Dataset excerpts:
==*==

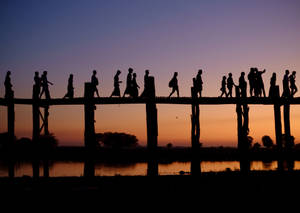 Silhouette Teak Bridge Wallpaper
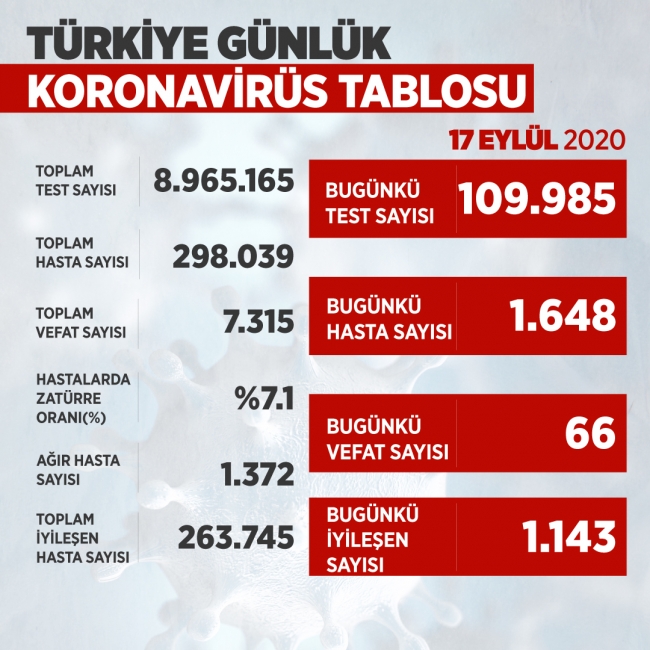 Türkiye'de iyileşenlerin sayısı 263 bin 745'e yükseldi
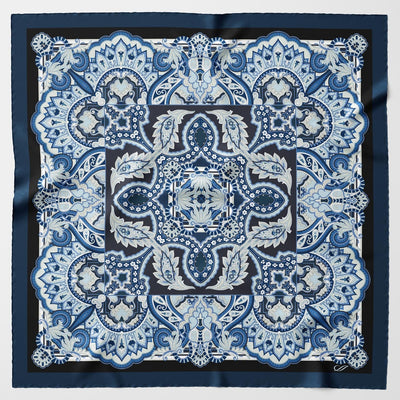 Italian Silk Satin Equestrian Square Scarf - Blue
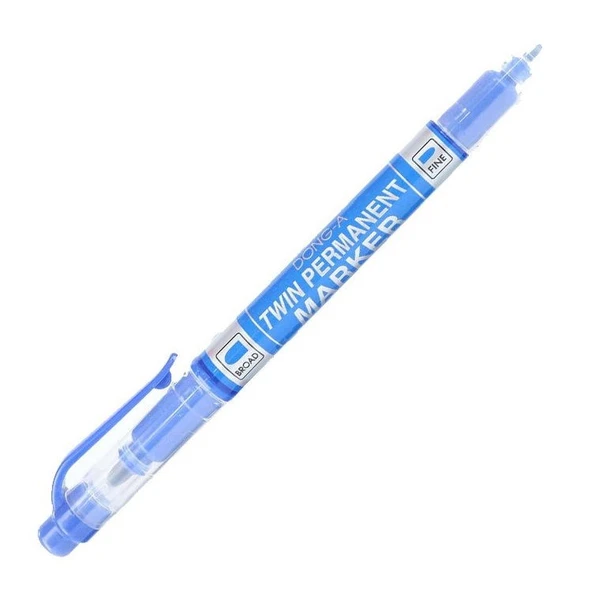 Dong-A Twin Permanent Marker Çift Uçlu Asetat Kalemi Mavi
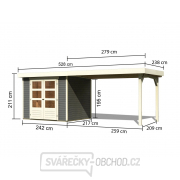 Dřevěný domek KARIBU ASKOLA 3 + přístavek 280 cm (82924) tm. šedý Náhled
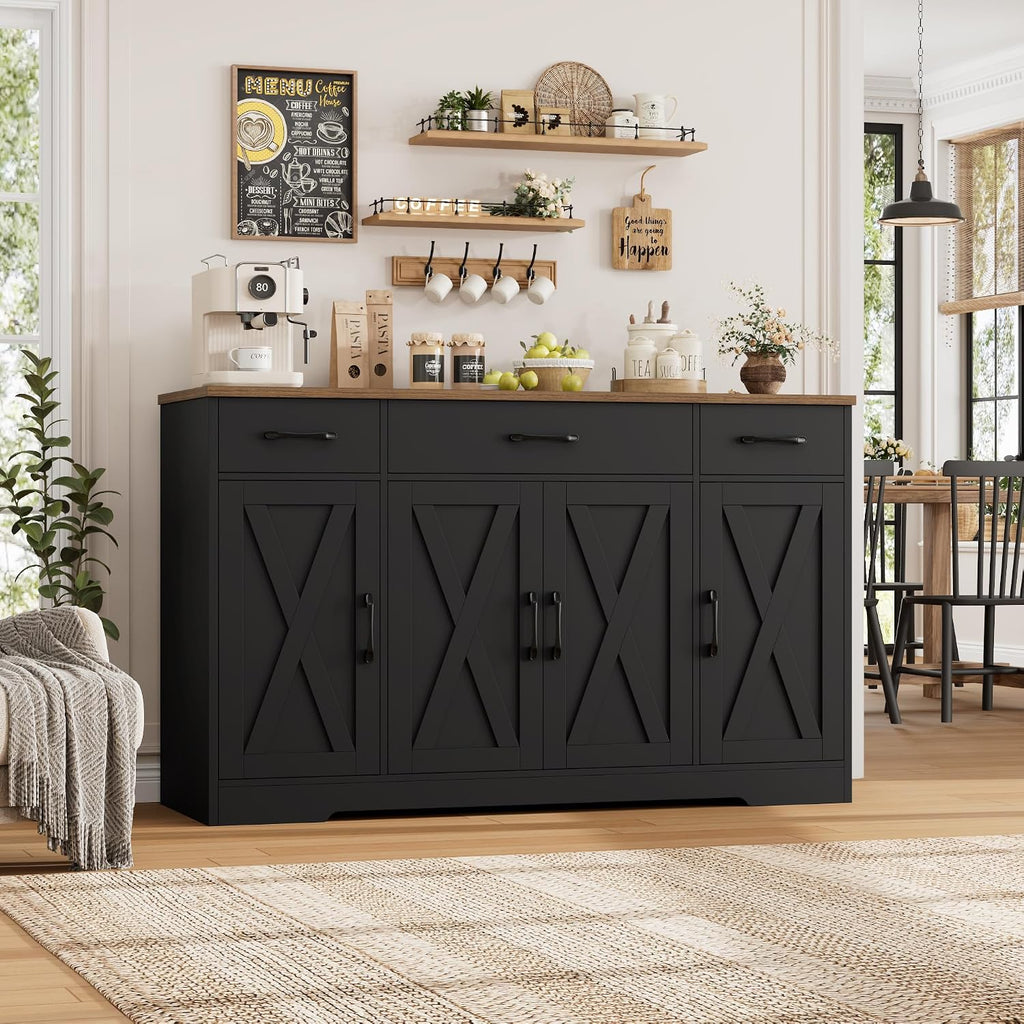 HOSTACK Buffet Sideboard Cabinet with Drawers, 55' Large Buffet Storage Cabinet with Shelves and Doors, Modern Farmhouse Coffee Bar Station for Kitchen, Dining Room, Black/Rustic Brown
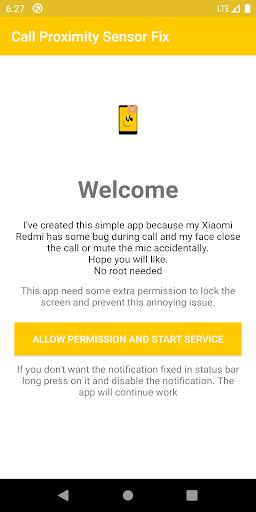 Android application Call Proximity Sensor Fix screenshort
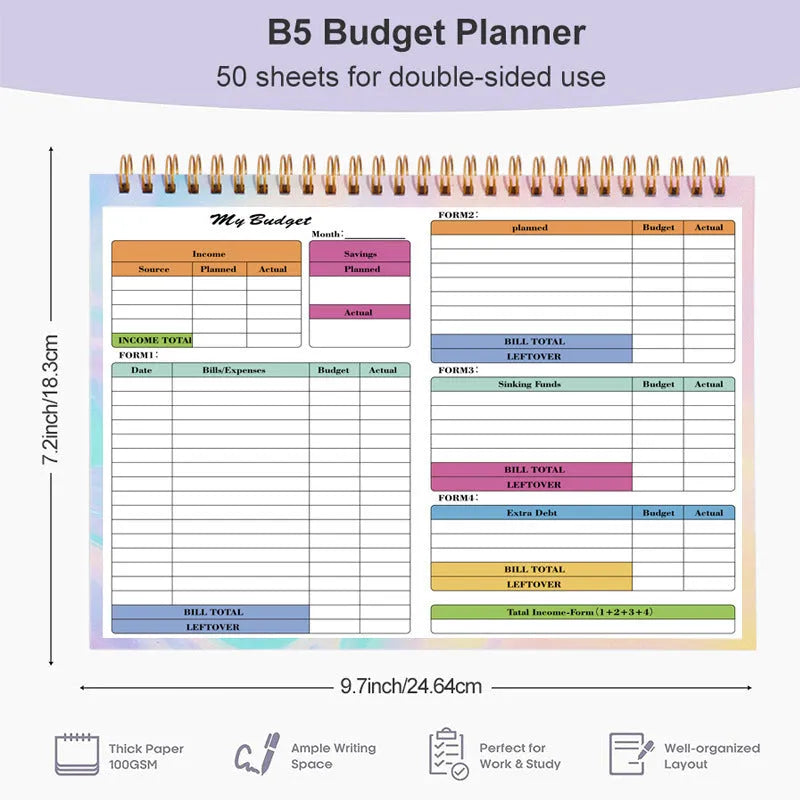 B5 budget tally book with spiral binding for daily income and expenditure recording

==*==

▶ **Work instructions**
Output exactly and only the lines from the line containing "Android application Call" to the end of the entries, both included, and omit every picture.

▶ **Exercise solution**
 Android application Call Proximity Sensor Fix screenshort
 B5 budget tally book with spiral binding for daily income and expenditure recording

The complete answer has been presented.